- **Problem description**
Nothing but the lines from the start of the entries through the line containing "adjustable brass wall" should appear in the answer, each given exactly.

- **Provided material**
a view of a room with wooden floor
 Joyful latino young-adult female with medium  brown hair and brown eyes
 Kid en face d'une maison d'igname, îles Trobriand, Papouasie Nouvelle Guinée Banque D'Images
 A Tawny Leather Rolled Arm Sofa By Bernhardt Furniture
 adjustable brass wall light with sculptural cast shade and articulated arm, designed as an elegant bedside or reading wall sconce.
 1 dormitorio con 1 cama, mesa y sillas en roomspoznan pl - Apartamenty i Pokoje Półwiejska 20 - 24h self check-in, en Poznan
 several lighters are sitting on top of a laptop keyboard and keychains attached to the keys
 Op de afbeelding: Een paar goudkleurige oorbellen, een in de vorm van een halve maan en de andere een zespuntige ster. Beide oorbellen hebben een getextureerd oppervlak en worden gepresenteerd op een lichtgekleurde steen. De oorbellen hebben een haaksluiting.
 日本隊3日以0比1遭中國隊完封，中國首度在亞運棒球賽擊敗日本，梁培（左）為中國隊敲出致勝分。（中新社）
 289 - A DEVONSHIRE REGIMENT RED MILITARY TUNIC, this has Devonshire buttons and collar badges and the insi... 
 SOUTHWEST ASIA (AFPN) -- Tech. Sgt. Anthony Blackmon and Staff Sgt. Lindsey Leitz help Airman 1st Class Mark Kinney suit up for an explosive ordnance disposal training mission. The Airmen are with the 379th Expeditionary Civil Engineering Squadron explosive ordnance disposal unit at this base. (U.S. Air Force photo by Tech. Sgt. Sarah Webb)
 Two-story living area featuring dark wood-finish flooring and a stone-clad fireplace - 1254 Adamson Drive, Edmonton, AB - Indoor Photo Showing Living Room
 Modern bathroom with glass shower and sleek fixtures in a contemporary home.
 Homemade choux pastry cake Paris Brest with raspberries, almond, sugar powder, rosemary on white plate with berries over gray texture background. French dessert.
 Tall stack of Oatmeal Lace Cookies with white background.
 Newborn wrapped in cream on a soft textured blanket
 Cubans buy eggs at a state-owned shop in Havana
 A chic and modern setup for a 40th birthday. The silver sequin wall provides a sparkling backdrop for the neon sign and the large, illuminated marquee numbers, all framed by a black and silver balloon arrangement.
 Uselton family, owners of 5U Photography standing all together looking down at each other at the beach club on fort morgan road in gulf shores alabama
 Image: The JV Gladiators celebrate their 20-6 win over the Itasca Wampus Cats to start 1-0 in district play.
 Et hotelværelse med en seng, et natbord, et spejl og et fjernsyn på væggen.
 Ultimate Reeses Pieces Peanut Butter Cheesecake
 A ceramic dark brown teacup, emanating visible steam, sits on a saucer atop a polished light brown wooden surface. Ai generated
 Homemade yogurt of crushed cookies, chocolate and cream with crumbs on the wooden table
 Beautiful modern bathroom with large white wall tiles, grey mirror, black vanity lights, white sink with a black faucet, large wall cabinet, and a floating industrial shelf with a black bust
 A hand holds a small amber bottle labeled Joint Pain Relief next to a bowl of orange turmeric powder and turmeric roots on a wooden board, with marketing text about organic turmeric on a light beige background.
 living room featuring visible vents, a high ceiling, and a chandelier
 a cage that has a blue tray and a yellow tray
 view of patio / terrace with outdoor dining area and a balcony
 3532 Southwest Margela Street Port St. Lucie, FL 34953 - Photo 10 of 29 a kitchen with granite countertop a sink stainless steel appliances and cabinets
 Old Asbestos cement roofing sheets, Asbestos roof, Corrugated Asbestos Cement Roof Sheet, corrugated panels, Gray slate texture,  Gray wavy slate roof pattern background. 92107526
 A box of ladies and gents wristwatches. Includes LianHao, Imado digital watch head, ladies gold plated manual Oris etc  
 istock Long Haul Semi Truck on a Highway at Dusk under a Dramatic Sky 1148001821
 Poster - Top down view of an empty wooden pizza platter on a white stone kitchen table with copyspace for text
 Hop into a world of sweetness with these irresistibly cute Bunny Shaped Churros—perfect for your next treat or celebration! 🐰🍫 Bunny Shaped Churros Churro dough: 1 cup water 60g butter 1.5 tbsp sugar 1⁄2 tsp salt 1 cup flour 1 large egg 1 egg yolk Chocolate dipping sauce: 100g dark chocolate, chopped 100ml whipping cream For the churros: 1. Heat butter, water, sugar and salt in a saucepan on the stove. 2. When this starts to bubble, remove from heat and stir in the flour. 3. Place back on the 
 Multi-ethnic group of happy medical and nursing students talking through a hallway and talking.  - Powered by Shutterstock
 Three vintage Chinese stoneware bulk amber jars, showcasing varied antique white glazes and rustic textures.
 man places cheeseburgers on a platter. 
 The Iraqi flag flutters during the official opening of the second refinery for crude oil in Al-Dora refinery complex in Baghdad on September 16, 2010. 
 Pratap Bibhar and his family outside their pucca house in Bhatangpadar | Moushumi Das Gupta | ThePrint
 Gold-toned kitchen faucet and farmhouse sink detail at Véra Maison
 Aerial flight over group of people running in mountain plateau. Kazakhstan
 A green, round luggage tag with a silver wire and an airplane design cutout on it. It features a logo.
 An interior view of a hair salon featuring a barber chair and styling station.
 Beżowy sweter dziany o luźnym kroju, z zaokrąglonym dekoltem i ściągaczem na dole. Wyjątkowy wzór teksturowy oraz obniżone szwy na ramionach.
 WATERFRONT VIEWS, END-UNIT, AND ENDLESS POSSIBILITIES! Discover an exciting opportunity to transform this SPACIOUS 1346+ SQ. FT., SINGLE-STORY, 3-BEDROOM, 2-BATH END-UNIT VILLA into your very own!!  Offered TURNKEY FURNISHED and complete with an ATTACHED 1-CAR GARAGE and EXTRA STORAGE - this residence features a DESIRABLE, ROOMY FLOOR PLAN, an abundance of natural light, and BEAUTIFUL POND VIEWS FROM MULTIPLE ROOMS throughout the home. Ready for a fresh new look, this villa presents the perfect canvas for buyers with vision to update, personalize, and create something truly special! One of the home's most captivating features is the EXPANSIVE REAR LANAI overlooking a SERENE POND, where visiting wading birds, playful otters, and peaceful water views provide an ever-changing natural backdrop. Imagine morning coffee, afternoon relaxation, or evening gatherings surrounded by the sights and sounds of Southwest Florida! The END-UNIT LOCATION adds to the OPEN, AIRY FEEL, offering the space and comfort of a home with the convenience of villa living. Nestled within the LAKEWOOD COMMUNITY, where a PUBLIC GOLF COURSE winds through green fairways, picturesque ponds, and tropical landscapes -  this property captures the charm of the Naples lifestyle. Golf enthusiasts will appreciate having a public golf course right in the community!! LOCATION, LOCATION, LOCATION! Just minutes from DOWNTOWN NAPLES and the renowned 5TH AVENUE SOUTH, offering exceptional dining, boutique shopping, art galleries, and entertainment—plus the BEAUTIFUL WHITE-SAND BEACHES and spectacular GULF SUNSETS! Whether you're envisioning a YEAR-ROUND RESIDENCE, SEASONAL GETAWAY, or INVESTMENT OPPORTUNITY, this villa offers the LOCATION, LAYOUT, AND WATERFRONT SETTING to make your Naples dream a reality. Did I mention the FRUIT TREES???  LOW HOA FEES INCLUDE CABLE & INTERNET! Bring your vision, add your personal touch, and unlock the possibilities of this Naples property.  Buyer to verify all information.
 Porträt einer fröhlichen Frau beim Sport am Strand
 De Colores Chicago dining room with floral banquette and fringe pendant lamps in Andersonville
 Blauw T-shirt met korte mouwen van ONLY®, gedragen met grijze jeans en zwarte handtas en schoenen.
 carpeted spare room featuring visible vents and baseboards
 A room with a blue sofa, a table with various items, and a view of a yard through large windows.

- **Answer to this task**
a view of a room with wooden floor
 Joyful latino young-adult female with medium  brown hair and brown eyes
 Kid en face d'une maison d'igname, îles Trobriand, Papouasie Nouvelle Guinée Banque D'Images
 A Tawny Leather Rolled Arm Sofa By Bernhardt Furniture
 adjustable brass wall light with sculptural cast shade and articulated arm, designed as an elegant bedside or reading wall sconce.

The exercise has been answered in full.